European Central Bank Study Challenges DeFi DAO Decentralization Claims Under MiCA Framework

European Central Bank Study Challenges DeFi DAO Decentralization Claims Under MiCA Framework

A recent European Central Bank research document reveals that DeFi protocol governance is heavily centralized, creating challenges for determining which entities should be regulated under MiCA rules.

On March 26, the European Central Bank released a working paper revealing significant concentration of governance power within four prominent DeFi protocols.

The research document examines Aave, MakerDAO, Ampleforth and Uniswap, revealing that despite governance tokens being distributed among tens of thousands of wallet addresses, the top 100 token holders maintain control over more than 80% of total supply in each of these protocols.

Drawing from holdings data captured in November 2022 and May 2023, the researchers discovered that a substantial portion of governance tokens can be traced back to the protocols' own entities or to both centralized and decentralized cryptocurrency exchanges, with Binance emerging as the largest identifiable centralized exchange token holder across all four examined protocols.

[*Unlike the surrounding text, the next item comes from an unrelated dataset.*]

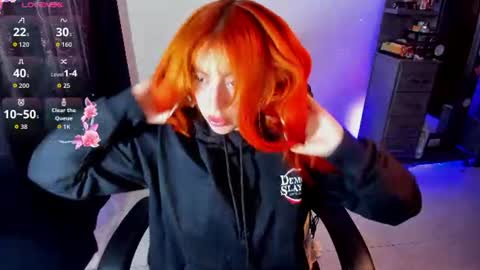 Snapshot of violetaarey chatting on June 18, 7:07 pm Violeta Help me reach 150 thumbs up online show from June 18, 7:07 pm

The research team stated that these discoveries call into question the assumption that decentralized autonomous organizations (DAOs) are truly decentralized in nature, presenting concerns regarding accountability and creating difficulties in determining potential regulatory oversight points within the European Union's Markets in Crypto-Assets Regulation (MiCA) framework. Under current MiCA provisions, "fully decentralised" services are exempted from regulatory requirements.

Top token holders dominate governance

The research team additionally examined which participants actually cast votes on critical proposals, determining that the primary voters are predominantly delegates who exercise delegated voting authority from smaller token holders.

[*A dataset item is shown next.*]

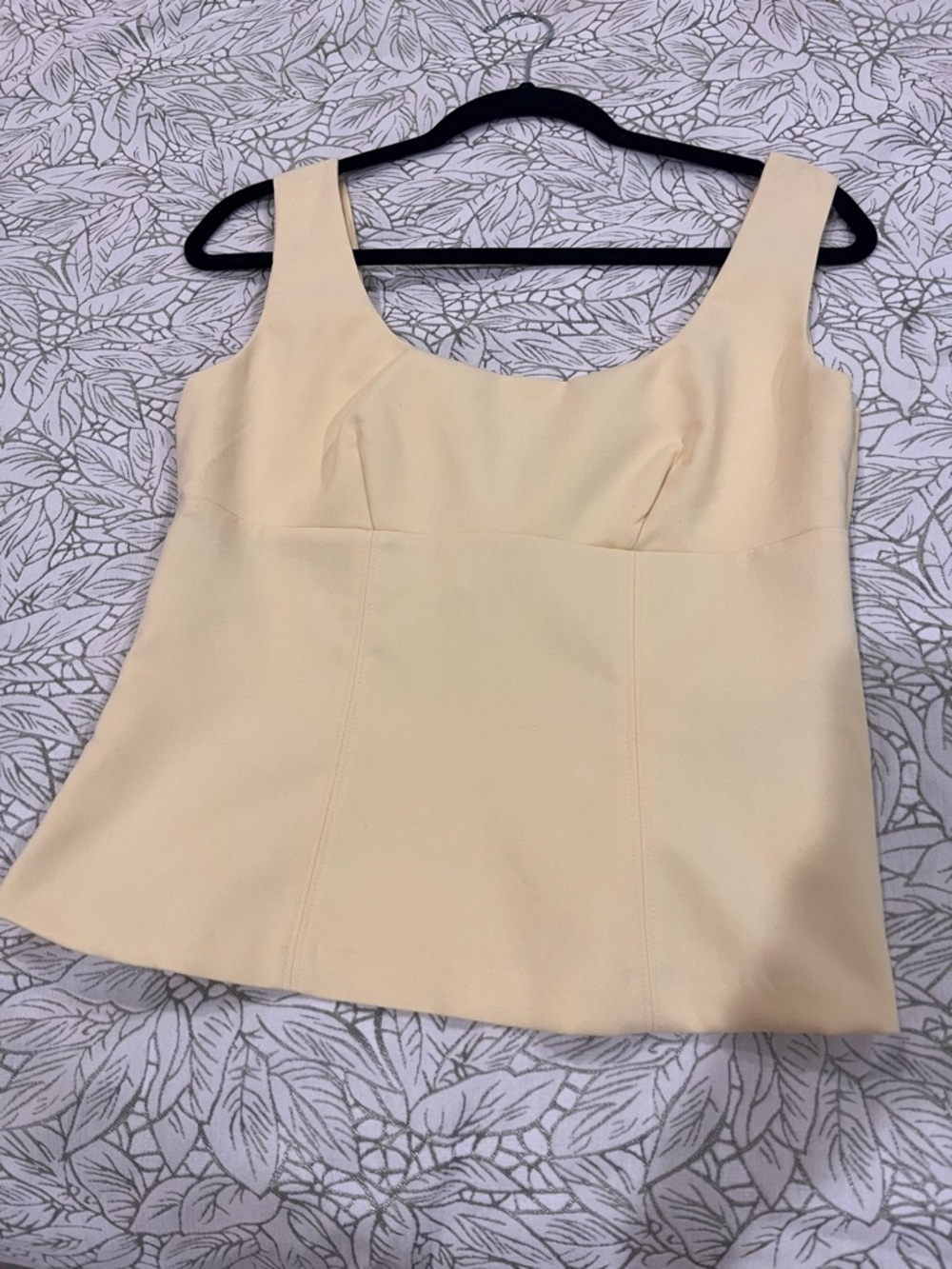 H&M Pale Yellow Scoop Neck Sleeveless Top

In Ampleforth, the top 20 voters command 96% of delegated voting authority, whereas in MakerDAO the top 10 voters possess 66% of delegated votes, and in Uniswap the top 18 maintain 52%. Approximately one-third of leading voters lack public identification, and among those who can be identified, the predominant groups consist of individuals and Web3 companies, with university blockchain societies and venture firms following closely behind.

ECB Working Paper on DeFi
ECB Working Paper on DeFi: Source: ECB

Cointelegraph contacted Aave, Uniswap, MakerDAO, and Ampleforth for comment, but had not received a response by publication.

Kavi Jain, senior research associate at Bitwise, explained to Cointelegraph that numerous major DeFi protocols were not as decentralized in actual practice as they may seem, particularly during their early development phases, where a limited group continues to possess "meaningful influence over decisions."

He referenced the recent Aave governance debate which illustrated how, despite having a DAO structure in place, voting power can "still be concentrated among a few participants."

MiCA faces DeFi accountability problem

The research document details what governance mechanisms actually determine, discovering that the greatest proportion of proposals concerns "risk parameters" that define the protocols' risk characteristics. This presents additional questions regarding accountability, particularly considering that it is "not possible" to determine from publicly accessible data whether protocol-associated holdings are owned by founders, developers or treasuries, or whether exchange wallets are casting votes using their own holdings or those belonging to customers.

There are certain limitations with the research methodology, and the document itself cautions that it does not encompass the "full scope of the DeFi ecosystem," attributable to inadequate data availability.

The research document also emphasizes that it represents the authors' perspectives rather than official ECB policy position, however, it cautions that the challenge of reliably determining who controls major protocols creates difficulties in relying on common regulatory entry points such as governance token holders, developers or centralized exchanges, and indicates that the appropriate regulatory anchor may vary protocol by protocol and necessitate information that is not publicly accessible.

Its conclusions mirror previous warnings from the Financial Stability Board and other organizations, referenced in the paper, that DeFi's commitment to disintermediation frequently conceals new types of concentration and governance risk that resemble, and occasionally magnify, those observed in traditional finance.